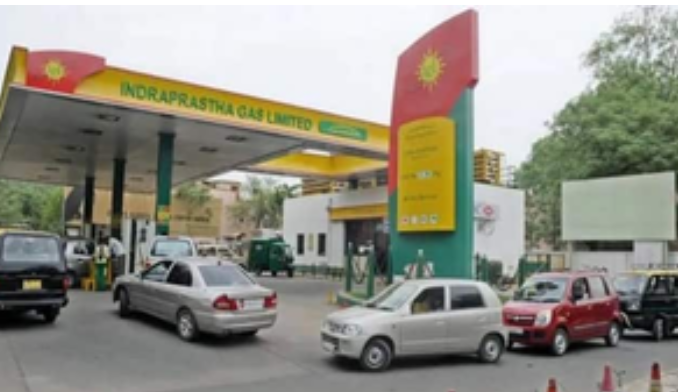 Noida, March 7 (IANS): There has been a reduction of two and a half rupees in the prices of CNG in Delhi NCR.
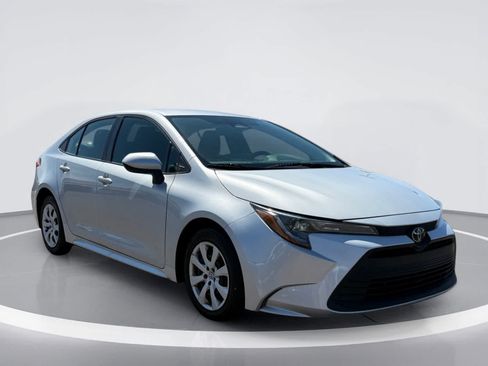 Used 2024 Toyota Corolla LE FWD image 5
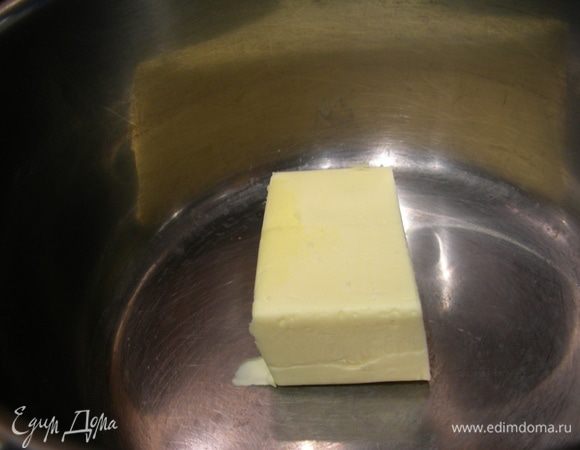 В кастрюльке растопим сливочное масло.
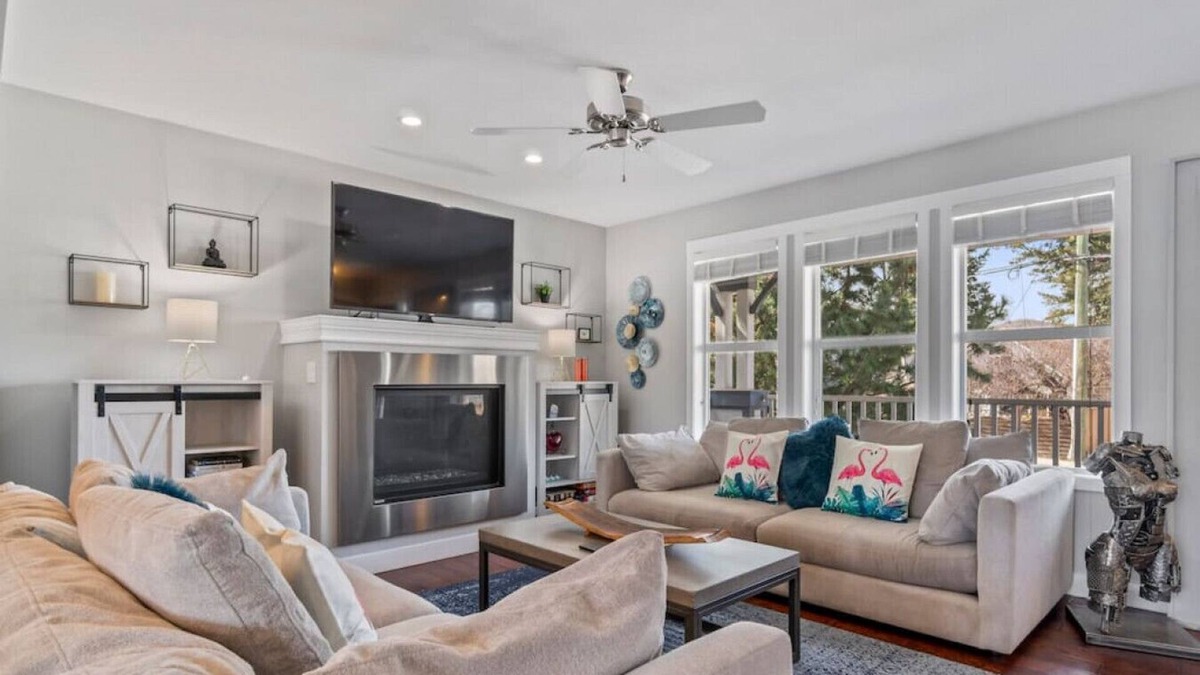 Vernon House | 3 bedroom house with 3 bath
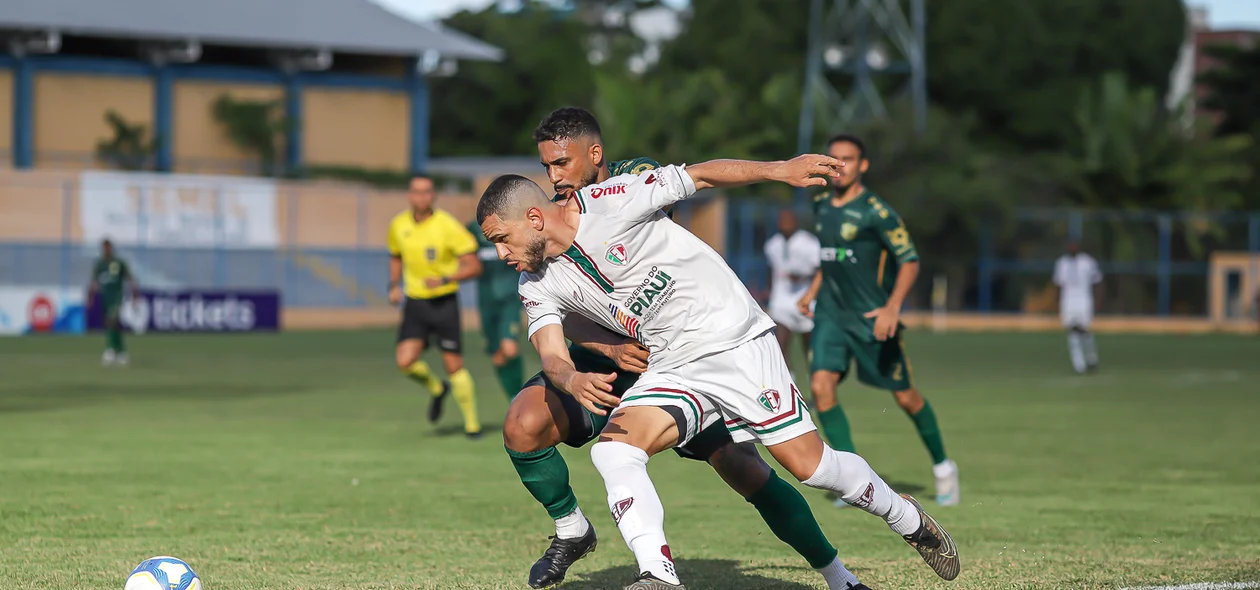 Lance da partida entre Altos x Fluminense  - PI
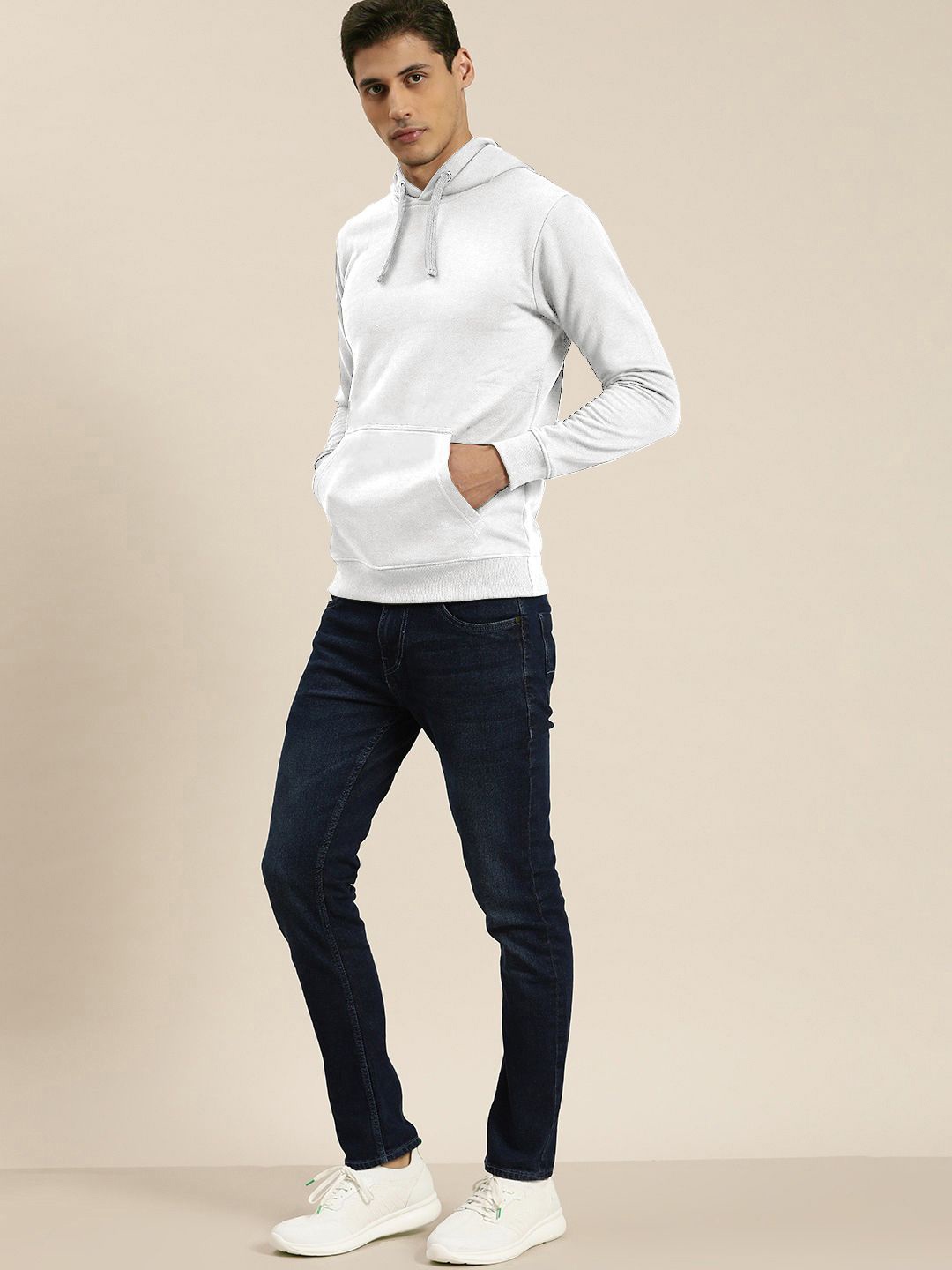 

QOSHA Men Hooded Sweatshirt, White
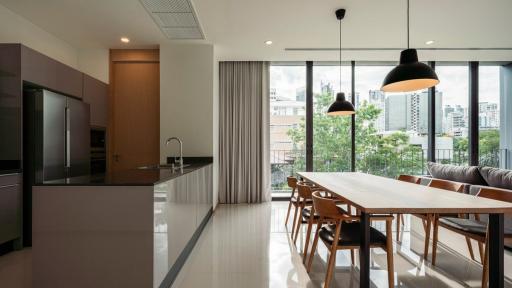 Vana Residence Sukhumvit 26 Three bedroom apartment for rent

[What this task involves]: An exact copy of every line above is needed, without the images.

[Response box]:
 Noida, March 7 (IANS): There has been a reduction of two and a half rupees in the prices of CNG in Delhi NCR.
 Used 2024 Toyota Corolla LE FWD image 5
 В кастрюльке растопим сливочное масло.
 Vernon House | 3 bedroom house with 3 bath
 Lance da partida entre Altos x Fluminense  - PI

QOSHA Men Hooded Sweatshirt, White
 Vana Residence Sukhumvit 26 Three bedroom apartment for rent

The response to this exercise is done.